How the Arts Supports a Healthy Society

Can Art Change Society? This was a question I posed to art specialist Mary Corrigall, who together with myself and fellow colleague Neo Mashigo will be judging M&C Saatchi’s inaugural Art for Change Prize in partnership with the iconic Saatchi Gallery later this year, writes Robert Grace, Founding Partner & Head of Strategy at M&C Saatchi Abel South Africa.

In 1988 I attended my first National Arts Festival. I was nine, and had never experienced such unbelievable creativity. I returned in 1994, when Sam Nhlengethwa won the Standard Bank Young Artist of the Year award whose work still sits with me. The experience of the National Arts Festival changed my perspective, and made me more aware of the realities facing our new democracy and my place in it. It was an invaluable experience that’s stuck with me and I believe speaks to the influential power of art and creativity.

Yet the arts still feel under-recognised and under-supported. As a country I believe we should be doing more to support this vital sector. Fortunately, I find myself in a position today where I can stand as an advocate for this form of creativity and make a case for its value.

Let’s start with our Economy.
The South African Cultural Observatory’s latest report estimates the creative economy contributes roughly R161 billion a year, making up around 3% of our GDP. This figure accounts for around a million jobs, many of which are informal.

The term ‘creative economy’ is a broad one. The point is, though, creative thought is a critical factor in helping drive our society, economy and country forward. Speaking to art advisor and researcher Mary Corrigall recently, she agreed, adding that in that same SACO report, it showed the creative economy contributes almost as much, if not more, than agriculture.

“There definitely isn’t a recognition of the jobs and economic impact the creative economy is able to generate,” Mary told me. In her own research, she added by way of example, the arts sector has come to play a vital role in Western Cape tourism, forming a key part of what people come to see when visiting the region as well as the experience of visiting South Africa.

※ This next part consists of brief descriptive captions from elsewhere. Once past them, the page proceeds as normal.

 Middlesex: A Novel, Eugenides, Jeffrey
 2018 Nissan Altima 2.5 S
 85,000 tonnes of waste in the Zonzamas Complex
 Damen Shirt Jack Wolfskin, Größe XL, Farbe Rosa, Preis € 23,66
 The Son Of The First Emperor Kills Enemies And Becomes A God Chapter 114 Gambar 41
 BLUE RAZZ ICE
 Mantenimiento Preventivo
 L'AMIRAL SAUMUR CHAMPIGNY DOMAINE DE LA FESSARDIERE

Given that fact, why isn’t more value placed on the arts as a career option? Part of the problem, explained Mary, was the lack of visual arts education among young people.

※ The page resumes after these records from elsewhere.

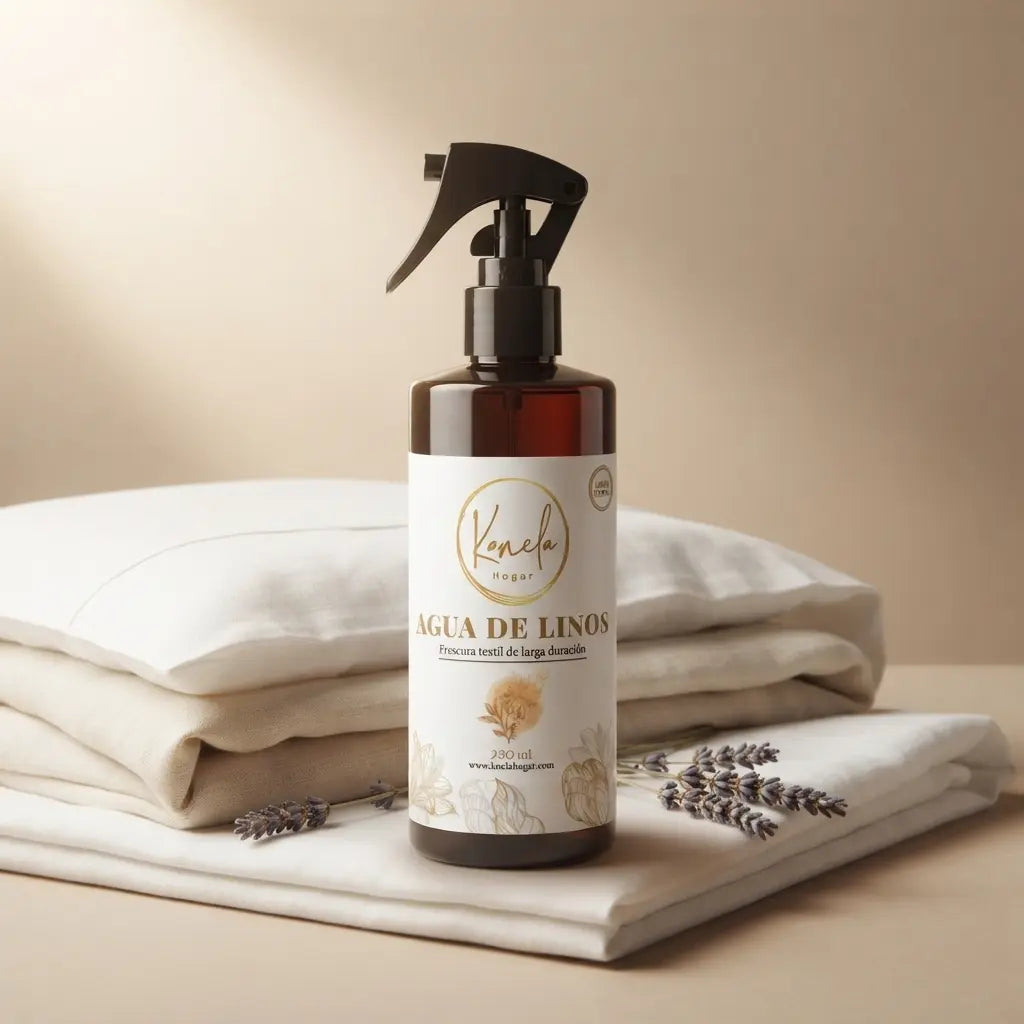 🎁 Fragancia Textil Agua de Linos 250 ml (100% off)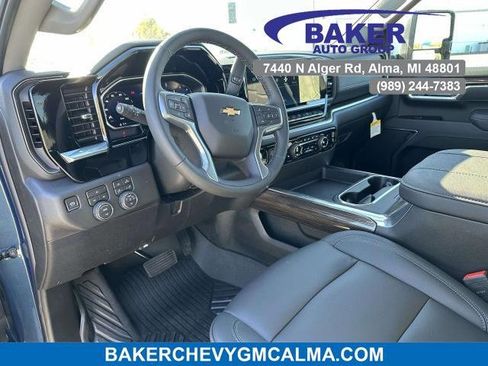 New 2026 Chevrolet Silverado 3500 LT w/ All Star Edition image 9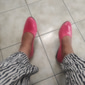 Zapatos planos de charol para mujer con estampado de cocodrilo: zapatos elegantes y cómodos para la oficina y ocasiones formales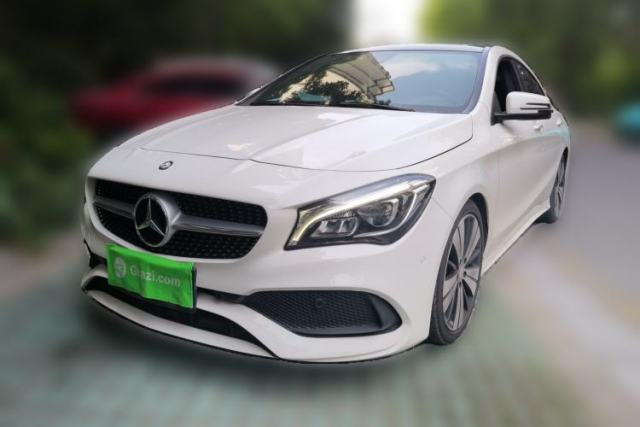 Used Mercedes-Benz CLA 2016 Facelifted CLA 200 Stylish Edition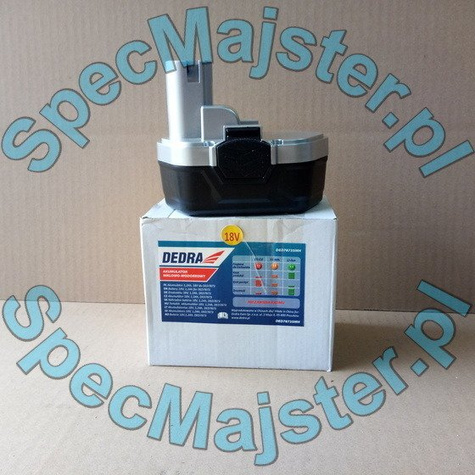 Akumulator do DED7873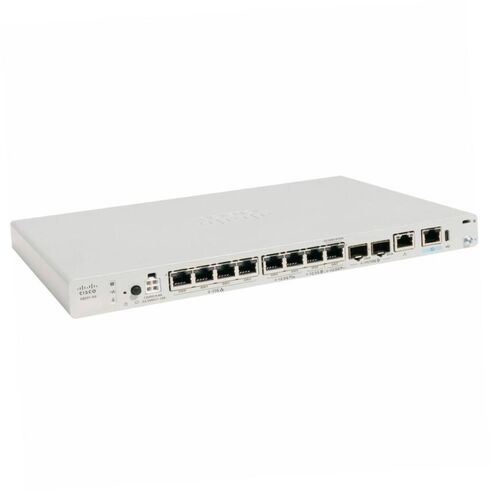 C8231-G2 Cisco 8-Ports Secure Router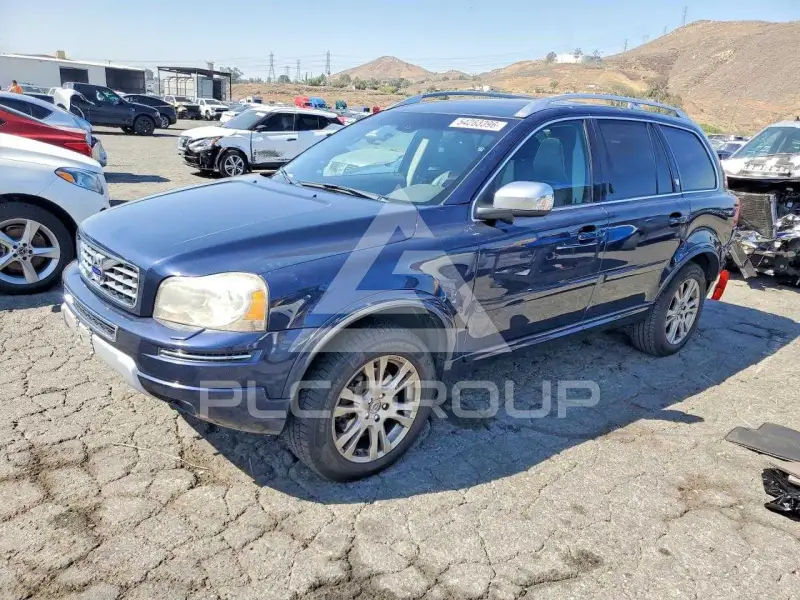 2013 Volvo XC90 photo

“Children aren’t even looking at going into the arts, or seeing it as a viable profession,” she said. And although few people can survive as artists full time, “there are many other fields within the creative sector such as digital art and its connection to the growing fields of animation and gaming.”

This means that encouraging a child’s interest in art and the arts could unlock the opportunity of where many future jobs will lie – beyond that of an Artist. There is in fact a skills shortage in the country for digital artists and there is very little private investment in the field due to a “poor understanding of how these business models work and what’s perceived to be a less positive or traditional return on investment,” said Mary.

Art’s Cultural Value
A massive cultural shift has taken place over the past few years surrounding visibility of art from Africa, particularly from the rest of the world. I asked Mary what sort of impact she thinks this has had on the value of art from the continent?

“It’s created an interest in African perspectives,” she said. Be it in person or online, the experience of this cultural shift has led to a significant change in the monetary value of our continent’s artistic output. But beyond financial capital, I was curious what Mary thought about the societal impact of this sort of shift?

“I think art, particularly as it becomes more commercialised, tends to take on social issues quite superficially,” she said, adding that as interest grows, artworks become more of a way to “shore up an artist’s practice than actually bring about change.” Mary was quick to counter this point, adding, “I think there’s a recognition that arts can’t carry the burden of changing a society. It can only reflect an imagined future or offer commentary, but can’t actually bring about change.”

In this way advertising is similar. In the 90s, for instance, advertising played a role in nation building at a pivotal time in our country. Today, advertising finds itself in a world of having to navigate many issues in a highly fragmented world; and used to help brands not only sell their offer, but also address societal issues such as climate change.

So then, if art can’t solely shift the cultural dial, what role can it serve? For Mary, the answer lies in play. “I think artists are playing more than they have before in terms of their engagement with form and subject matter. I think that ability within the arts is a sign of a healthy society.”

The Importance of Hope

I may be overly optimistic, but I believe artists represent hope. So when Mary speaks to that idea of play as a sign of a society’s health, I see that as being defined by freedom of expression. And it’s up to artists to help us realise that. Artists have a powerful role to play in helping us understand the world around us and where we find ourselves in it. In a society increasingly driven by AI and algorithms, we need artists to see things differently and inspire others to do so too. And if that’s what we can achieve in a small or big way through play or provocation, I think, it’s something worth going out of our way to support.

Entries are now closed, judging takes place in October and winners will be announced in November.